How People Approach Datadog

Observing systems has evolved over the years, and Datadog has been there helping it along. The way agents deliver data to predictable and information-rich dashboards is very nice. There is a lot to be said about being predictable and I don’t think anyone would argue about Datadog being predictable on all fronts, except maybe cost.

In this post, I’m going to use the persona frame from the baseline post and walk the same three people through Datadog.

Disclaimer up front!

I work at Honeycomb, and have for four-plus years. This has caused a bunch of biases toward the types of teams that struggle with Datadog and other monitoring tools. These are the people who operate outside the predictable patterns that fit nicely into the existing dashboards.

We all inherit from our architectures, everyone ships their org chart. I am going to explore how these architectures and org charts influence the operator and user experiences.

Why Datadog deployments get enormous

Nobody sits down and decides to stand up a giant Datadog deployment. It accretes around you and your teams.
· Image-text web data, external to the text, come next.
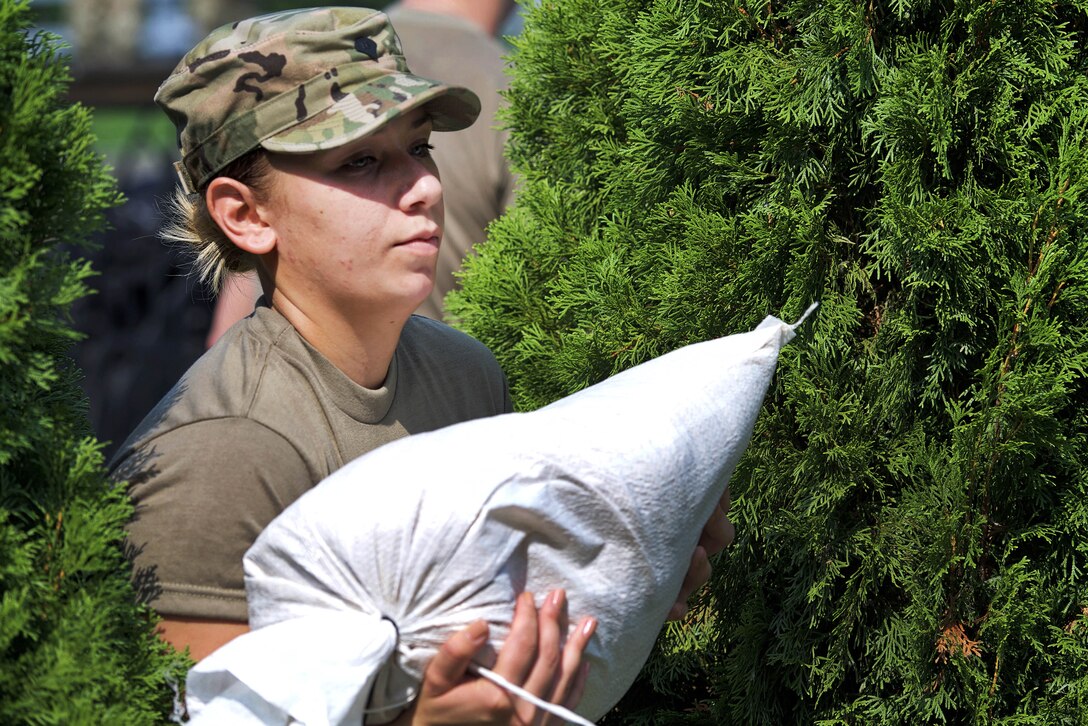 A soldier carries a sandbag.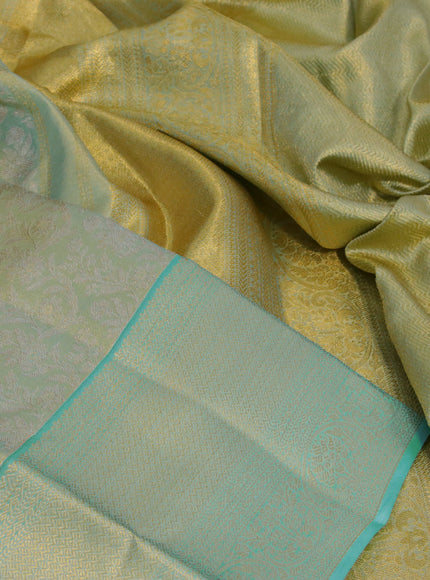 Kanchipuram tissue silk saree dual shade of bluish gold and teal blue with allover zari woven floral brocade weaves and zari woven border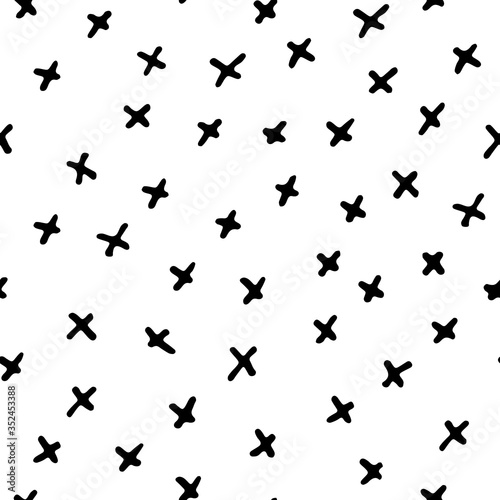Seamless neutral doodle pattern. Black hand-drawn crosses on a white background. Scandinavian cozy ornament. Vector illustrations with geometric shapes for wallpaper, posters, wrapping paper, textiles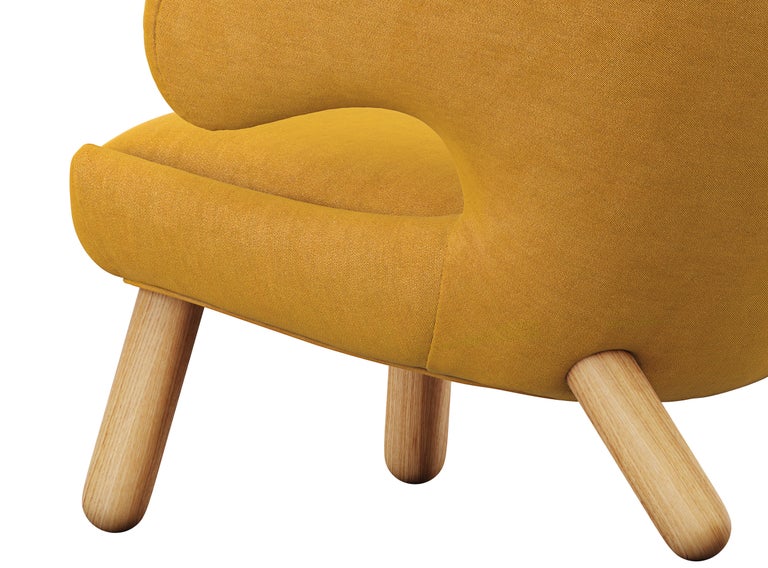 https://a.1stdibscdn.com/finn-juhl-pelican-chair-upholstered-in-wood-and-fabric-for-sale-picture-8/f_14272/f_378351021704703901357/POCR5_master.jpg?width=768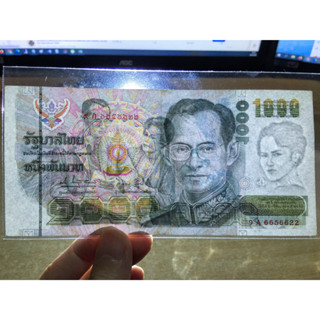 (ลายน้ำราชินี)ธนบัตร 1000 บาท แบบที่ 14 ผ่านการใช้งาน(สินค้าจัดส่งตรงตามรูป)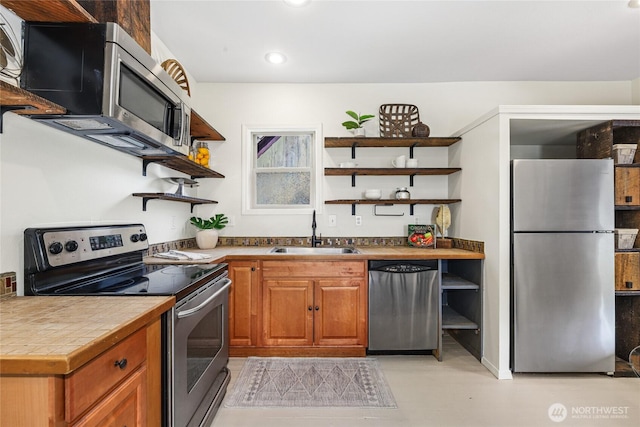 123 5th St, Roslyn, WA 98941 - kitchen featuring appliances with stainless steel finishes, open shelves, a sink, recessed lighting, and brown cabinetry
Datadog is a product per signal — APM, Logs, Metrics, RUM, Synthetics, Profiling, Security, on and on — and each one is its own little world with its own UI. You pick the silo first and then query inside it. There’s cross-signal stitching — Watchdog, correlations, the Service Catalog but only when you go looking. Infra brings in host metrics. Some team flips on APM. The frontend folks want RUM. Security shows up with its own line items. Every one of those yeses is reasonable on its own, and not one of them made anybody rethink the whole stack.

So the thing grows sideways, one defensible decision at a time, until every signal lives under one vendor and a number in a spreadsheet startles somebody in finance. I won’t pretend the breadth is a trick — one vendor with a checkbox for whatever just broke is an easy thing to say yes to when you’re a stressed-out platform team.

But “it has every feature” doesn’t explain how it ends up in six budgets with nobody noticing. Two quieter things do that work: how easy it is to get data in, and how the bill gets carved up. Both land on the same idea — Datadog lets an organization grow its observability footprint without ever stopping to agree on anything. Honeycomb, by contrast, doesn’t have an opinionated agent or dashboard so the implementers have to get concensus up front.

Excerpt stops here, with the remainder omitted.